» **AIM OF THE EXERCISE**:
Records follow. Print exactly the lines from the one that has "Venta apartamento en" through the one that has "2019 toyota camry hybrid xle", inclusive, and omit the pictures.

Items from a data source:
----------------------------------------
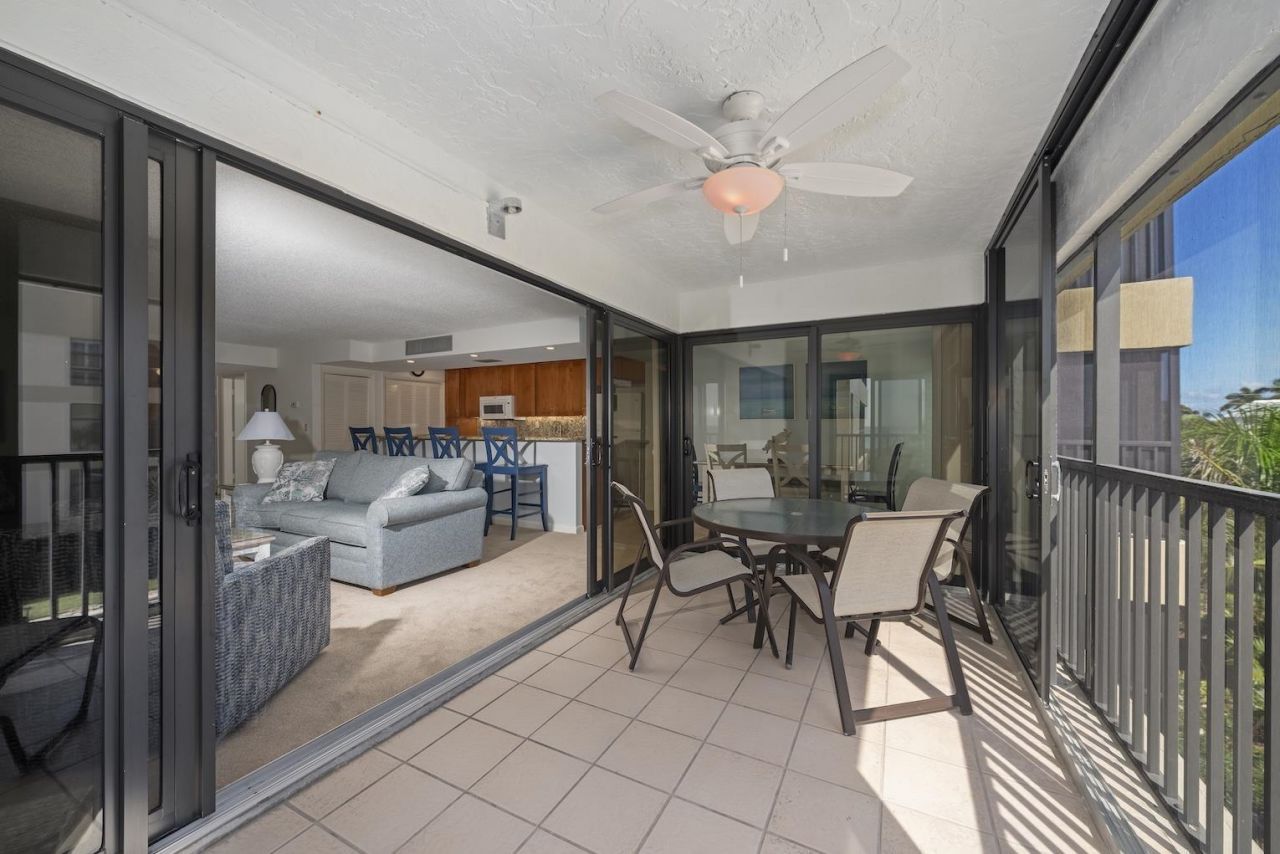 2721 W Gulf Dr, Unit 213, Sanibel, FL 33957 Photo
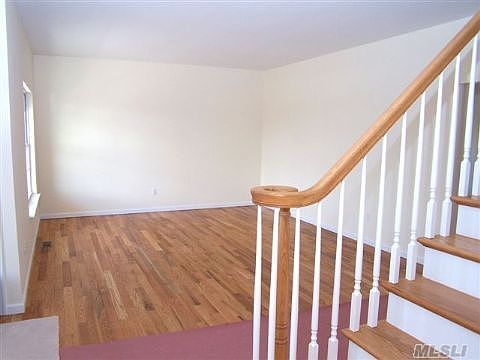 3rd image of 26 Passway Ln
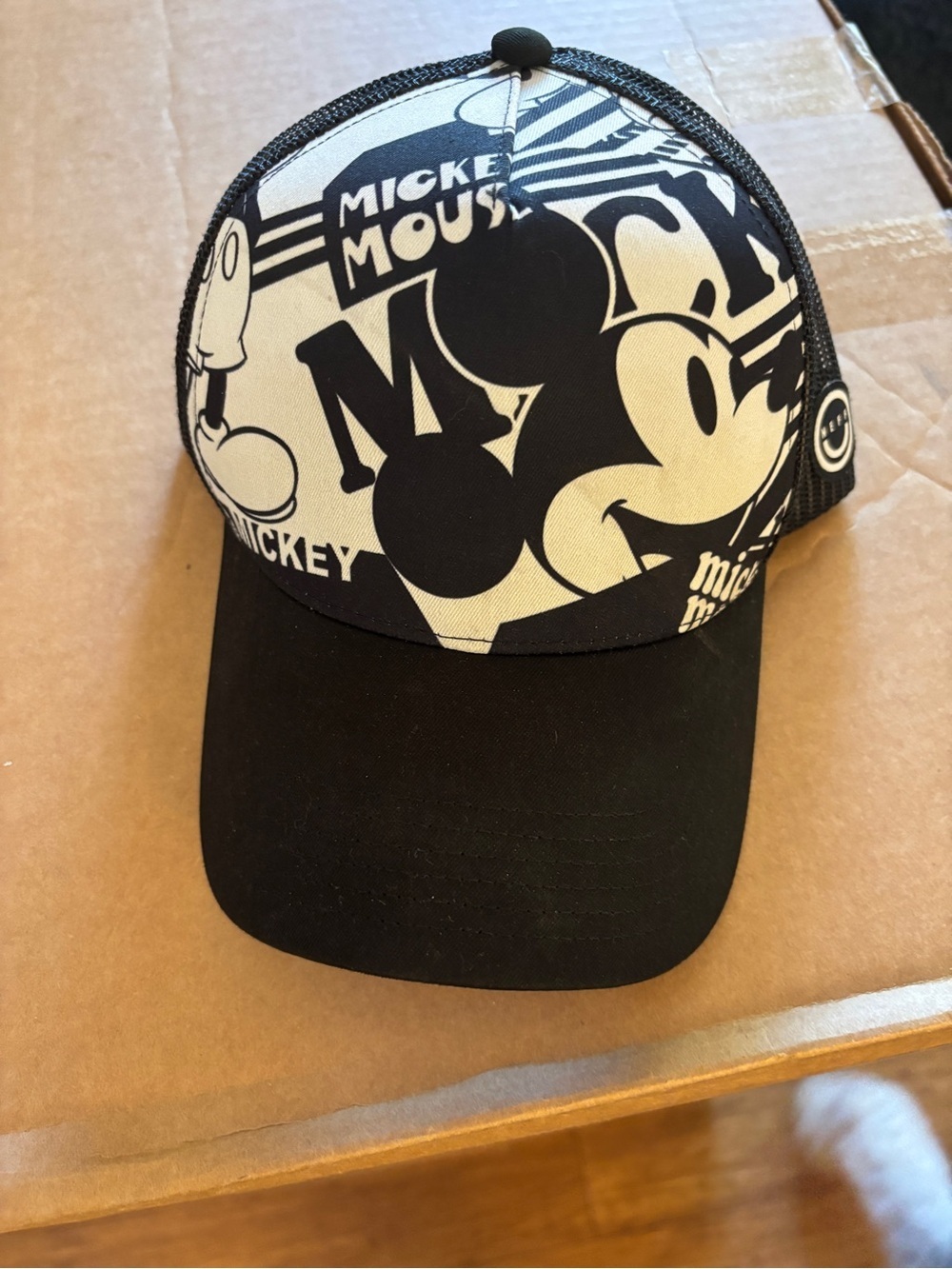 Disney x Neff collab Mickey Mouse Black & White Trucker Hat never worn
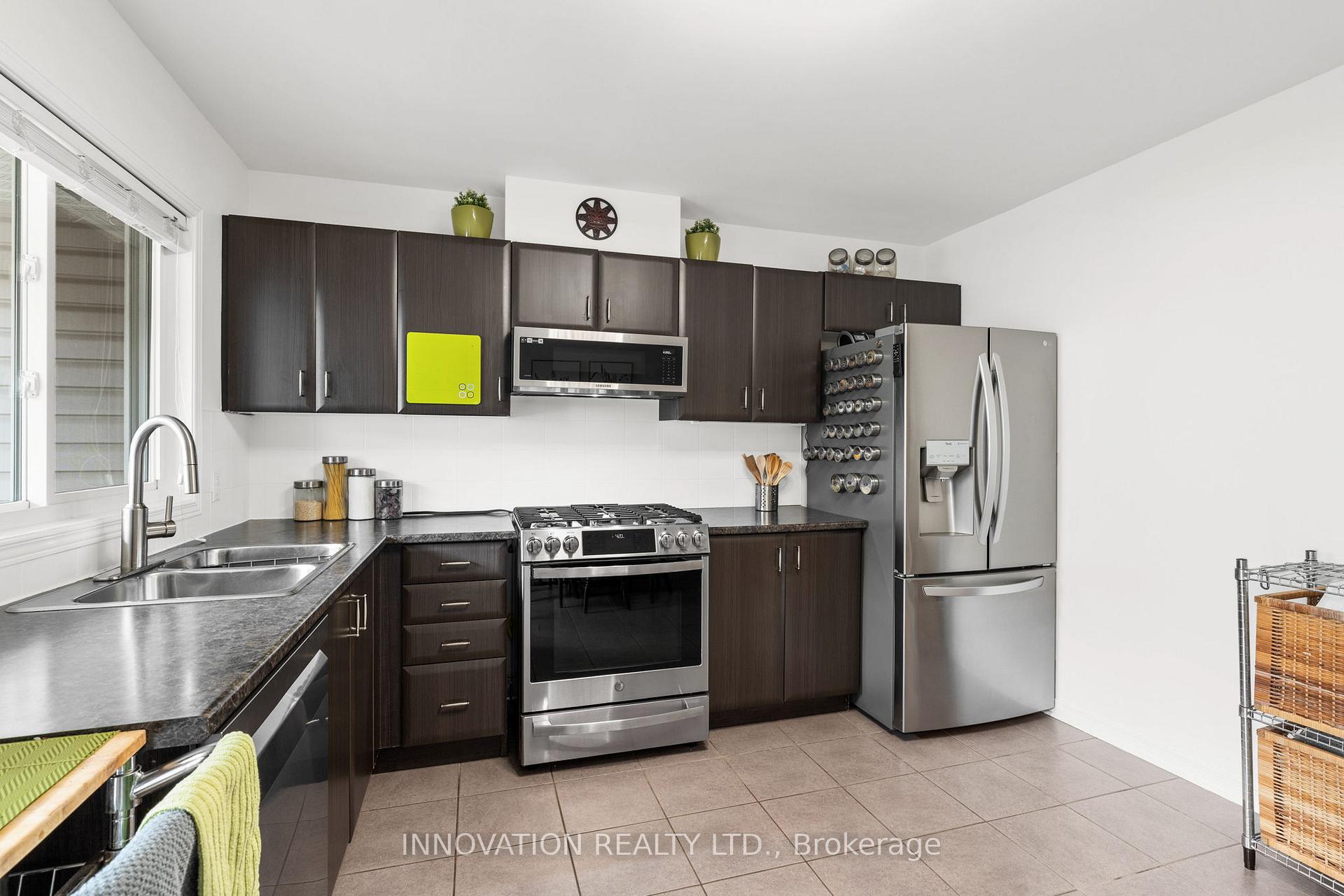 Photo 12 of Unit B, 3502 River Run Avenue, Ottawa, Barrhaven - Half Moon Bay — HOMEH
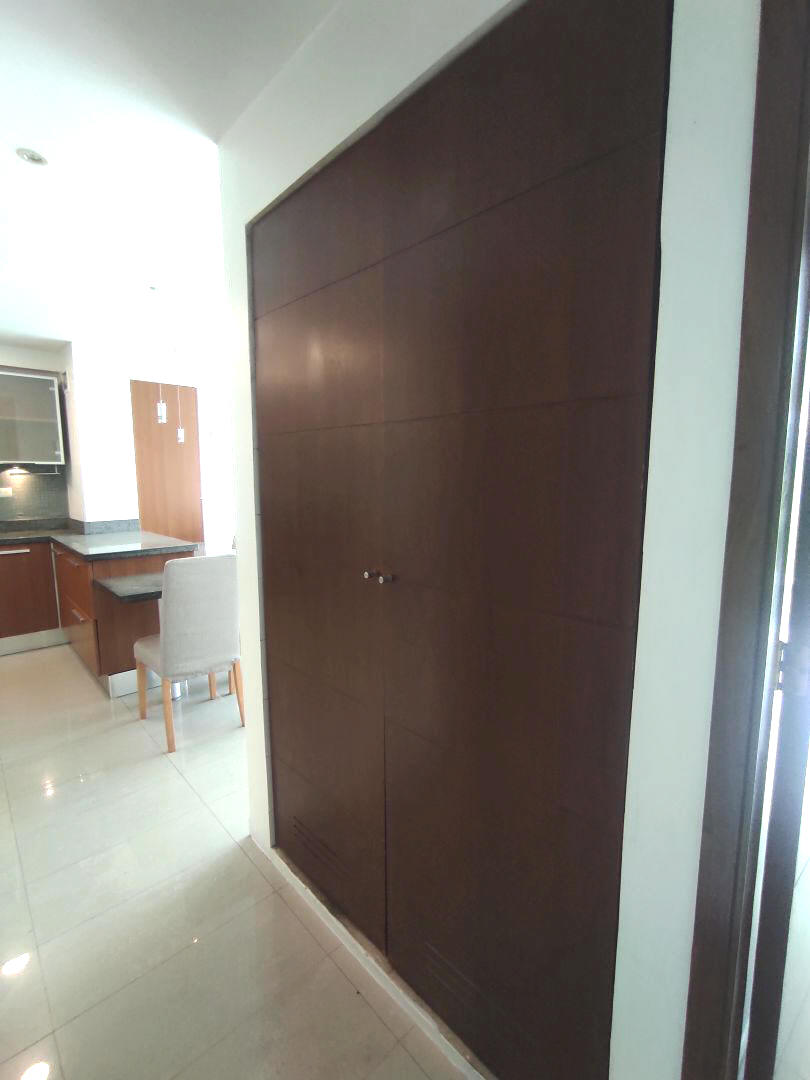 Venta apartamento en Los Bambes, La Boyera parte alta. Excelente conjunto ubicado en calle terminal con control de acceso, estricta seguridad. Zona muy tranquila con clima de montaa y vistas panormicas.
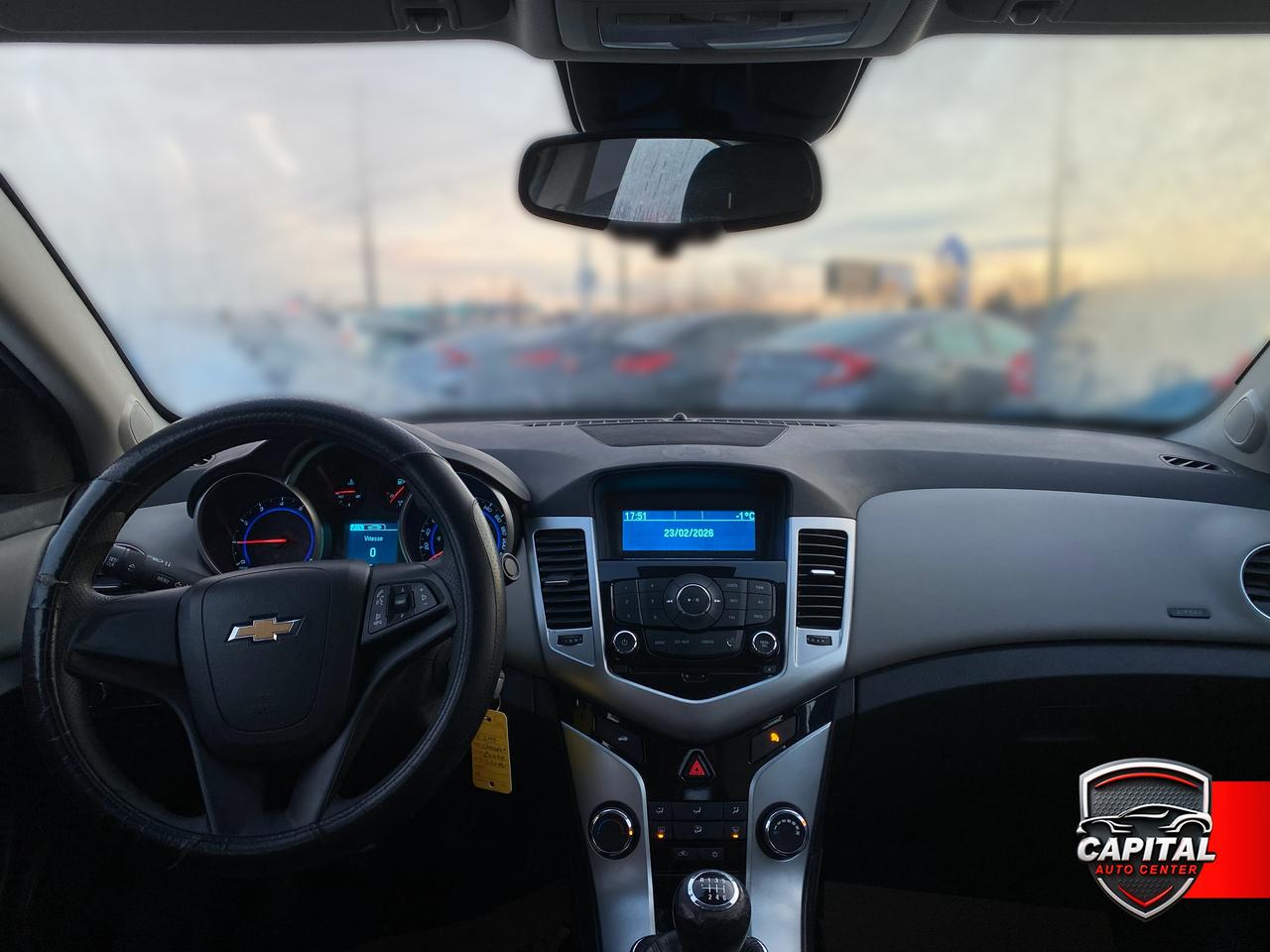 2015 Chevrolet Cruze LS Photo4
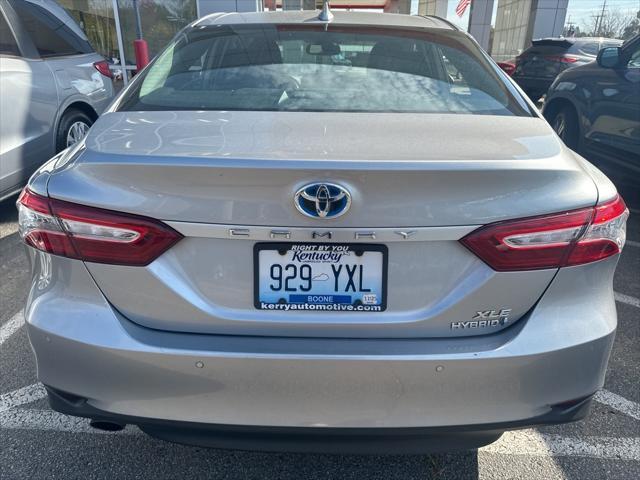 2019 toyota camry hybrid xle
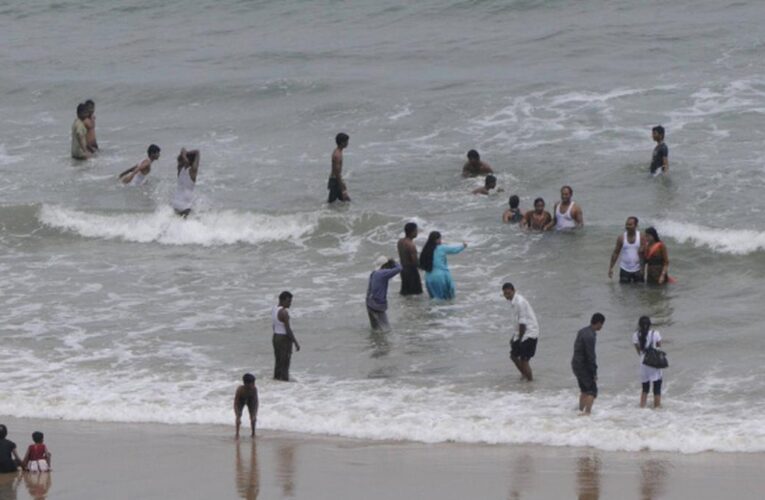 AU Study Identifies Deadly Rip Current Zones Along Vizag Coast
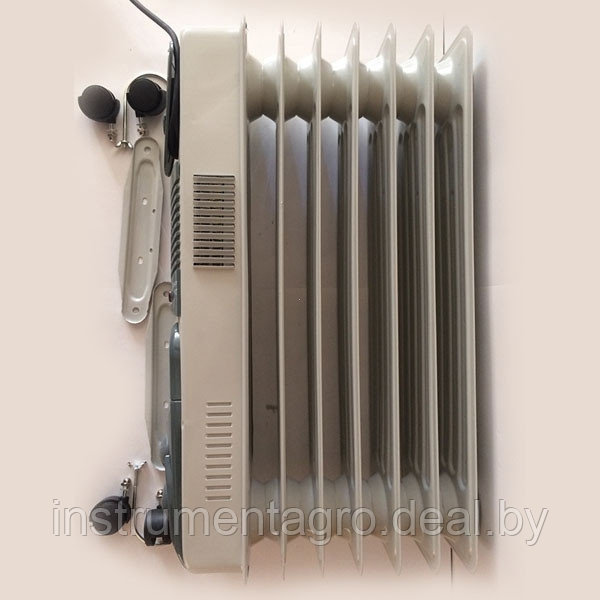 Радиатор масляный, 1900 Вт., 7 секций, 220-230В., 33*24*63 см., встроен. вентилятор - фото 1 - id-p151636516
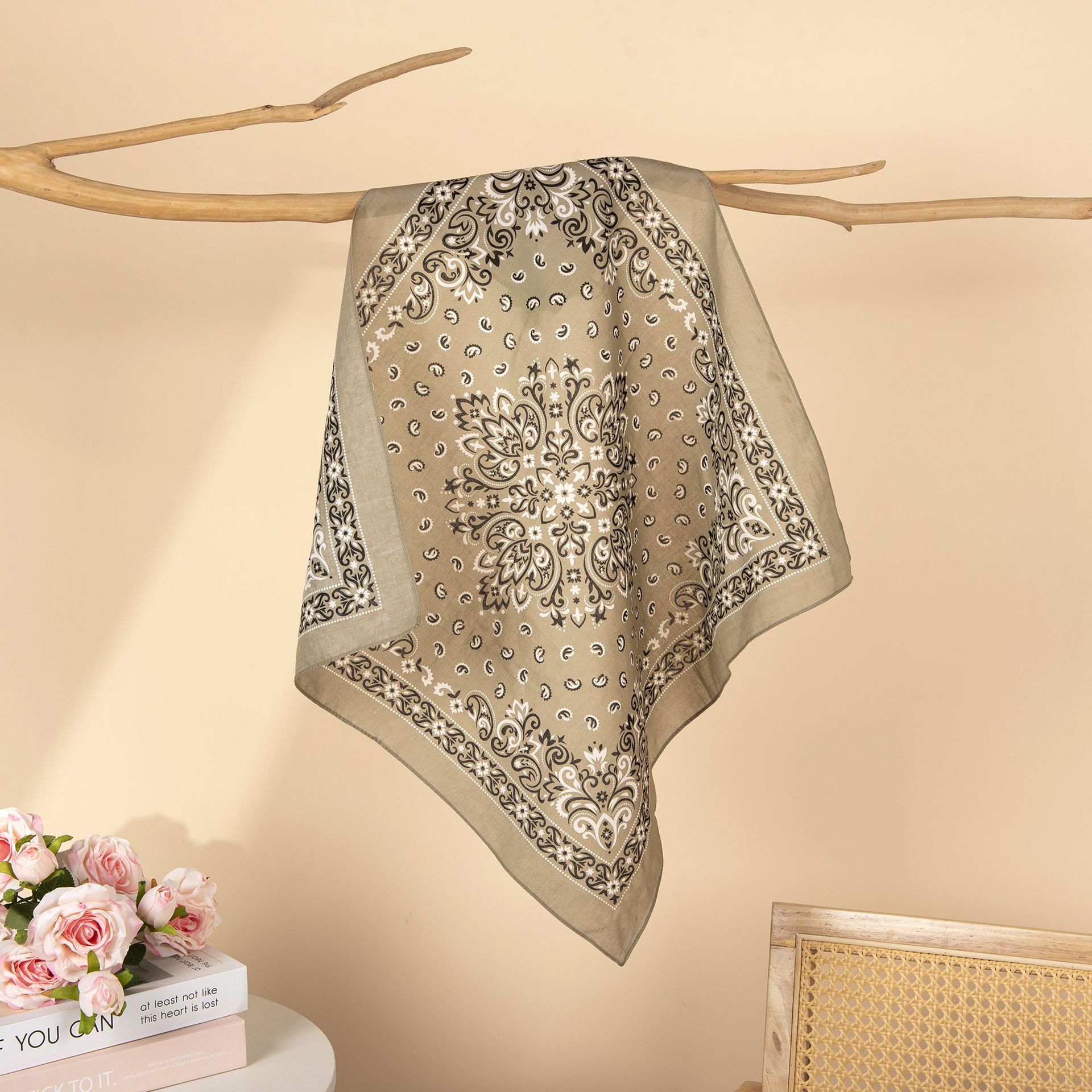 Lenço quadrado retro paisley em algodão para mulher leve_voghion.com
----------------------------------------
» **REPLY TO THE EXERCISE**:
 Venta apartamento en Los Bambes, La Boyera parte alta. Excelente conjunto ubicado en calle terminal con control de acceso, estricta seguridad. Zona muy tranquila con clima de montaa y vistas panormicas.
 2015 Chevrolet Cruze LS Photo4
 2019 toyota camry hybrid xle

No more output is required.